Luckily that didn’t seem to be the problem on this occasion. Suddenly Mary Jane’s eyes popped open.
‘Morticia Addams!’
Honey sat back, genuinely impressed. She recalled the American TV show and remembered the gorgeous female lead.
‘Dark. Sexy. Recognisable,’ she said feeling and sounding seriously impressed. ‘That HAS to be me!’
‘Right!’
‘Long black clingy dress with feathery, shroud-like sleeves. I think I can find something suitable. Pale complexion, dark makeup, and long dark hair. My mother has the stage makeup.
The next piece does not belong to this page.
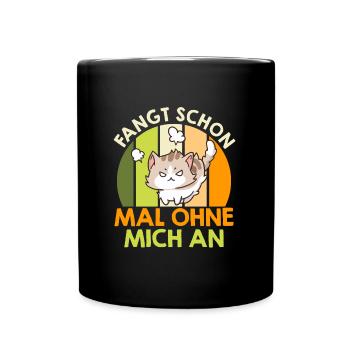 Bürokollege Faul Fang schon mal Ohne Mich an - Tasse einfarbig - Schwarz - Vorne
The dramatic society are “resting” at present.’
The truth was that a number of members had dropped dead or gone senile, which accounted for the latter so frequently forgetting their lines.
Lindsey joined them, bubbling with the news that the honeymoon couple had finally surfaced, paid their bill, and left a very generous tip.
‘They reckoned it was the best hotel they’d every stayed in.’
‘How would they know? They never came out of their room.’
Lindsey waved a fifty-pound note in front of her face. ‘That’s why they enjoyed their stay. They never got out of bed and nobody ever disturbed them. What better honeymoon could they have had?’
After agreeing the point, Honey went on to tell her about the fancy dress Hallowe’en birthday party.
‘A lot of parties rolled into one. I’m going as Morticia Addams. I’ve got a long black dress. It’s not too shroud-like, but I can unpick the sleeves and make them more ragged.’
‘That should work. If you like, I can get you a long dark wig from Clarissa,’ said Lindsey. ‘She used to wear it all the time when she was doing art class at college.’
‘I didn’t know you had a student friend named Clarissa,’ Honey remarked with a satisfied sigh. She was feeling incredibly happy now her outfit was on the drawing board – so to speak.
‘She was the life model. She posed naked. The long black wig was a modesty thing.’